> _What you need to do_
Every line below needs to be returned exactly as written.

*** Block opens ***

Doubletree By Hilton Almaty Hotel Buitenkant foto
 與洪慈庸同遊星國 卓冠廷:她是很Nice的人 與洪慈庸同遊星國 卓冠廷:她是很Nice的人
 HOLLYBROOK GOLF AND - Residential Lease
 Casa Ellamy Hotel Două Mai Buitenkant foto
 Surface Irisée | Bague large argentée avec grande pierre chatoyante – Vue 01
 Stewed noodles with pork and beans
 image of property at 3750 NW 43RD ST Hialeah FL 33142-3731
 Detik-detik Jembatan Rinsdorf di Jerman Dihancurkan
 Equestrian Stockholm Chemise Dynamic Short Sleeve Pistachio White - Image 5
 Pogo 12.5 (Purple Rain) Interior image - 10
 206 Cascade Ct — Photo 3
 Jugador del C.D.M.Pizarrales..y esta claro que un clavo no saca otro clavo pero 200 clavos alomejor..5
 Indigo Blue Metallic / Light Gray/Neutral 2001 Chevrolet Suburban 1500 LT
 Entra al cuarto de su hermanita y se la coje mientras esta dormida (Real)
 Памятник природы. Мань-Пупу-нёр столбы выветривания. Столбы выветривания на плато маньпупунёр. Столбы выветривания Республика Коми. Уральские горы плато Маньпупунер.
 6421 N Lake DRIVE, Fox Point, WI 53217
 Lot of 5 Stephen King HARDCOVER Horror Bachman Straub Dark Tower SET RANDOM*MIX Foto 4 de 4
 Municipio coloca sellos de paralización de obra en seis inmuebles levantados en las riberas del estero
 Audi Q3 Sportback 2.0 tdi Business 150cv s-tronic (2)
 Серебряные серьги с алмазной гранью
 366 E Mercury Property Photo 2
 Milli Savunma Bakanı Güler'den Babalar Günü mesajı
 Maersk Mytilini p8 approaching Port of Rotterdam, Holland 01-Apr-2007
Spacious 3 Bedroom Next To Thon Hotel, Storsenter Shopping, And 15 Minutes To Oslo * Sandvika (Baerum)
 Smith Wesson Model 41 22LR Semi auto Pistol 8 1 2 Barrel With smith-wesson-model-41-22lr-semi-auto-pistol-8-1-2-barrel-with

*** Block closes ***

> _Exercise answer_
Doubletree By Hilton Almaty Hotel Buitenkant foto
 與洪慈庸同遊星國 卓冠廷:她是很Nice的人 與洪慈庸同遊星國 卓冠廷:她是很Nice的人
 HOLLYBROOK GOLF AND - Residential Lease
 Casa Ellamy Hotel Două Mai Buitenkant foto
 Surface Irisée | Bague large argentée avec grande pierre chatoyante – Vue 01
 Stewed noodles with pork and beans
 image of property at 3750 NW 43RD ST Hialeah FL 33142-3731
 Detik-detik Jembatan Rinsdorf di Jerman Dihancurkan
 Equestrian Stockholm Chemise Dynamic Short Sleeve Pistachio White - Image 5
 Pogo 12.5 (Purple Rain) Interior image - 10
 206 Cascade Ct — Photo 3
 Jugador del C.D.M.Pizarrales..y esta claro que un clavo no saca otro clavo pero 200 clavos alomejor..5
 Indigo Blue Metallic / Light Gray/Neutral 2001 Chevrolet Suburban 1500 LT
 Entra al cuarto de su hermanita y se la coje mientras esta dormida (Real)
 Памятник природы. Мань-Пупу-нёр столбы выветривания. Столбы выветривания на плато маньпупунёр. Столбы выветривания Республика Коми. Уральские горы плато Маньпупунер.
 6421 N Lake DRIVE, Fox Point, WI 53217
 Lot of 5 Stephen King HARDCOVER Horror Bachman Straub Dark Tower SET RANDOM*MIX Foto 4 de 4
 Municipio coloca sellos de paralización de obra en seis inmuebles levantados en las riberas del estero
 Audi Q3 Sportback 2.0 tdi Business 150cv s-tronic (2)
 Серебряные серьги с алмазной гранью
 366 E Mercury Property Photo 2
 Milli Savunma Bakanı Güler'den Babalar Günü mesajı
 Maersk Mytilini p8 approaching Port of Rotterdam, Holland 01-Apr-2007
Spacious 3 Bedroom Next To Thon Hotel, Storsenter Shopping, And 15 Minutes To Oslo * Sandvika (Baerum)
 Smith Wesson Model 41 22LR Semi auto Pistol 8 1 2 Barrel With smith-wesson-model-41-22lr-semi-auto-pistol-8-1-2-barrel-with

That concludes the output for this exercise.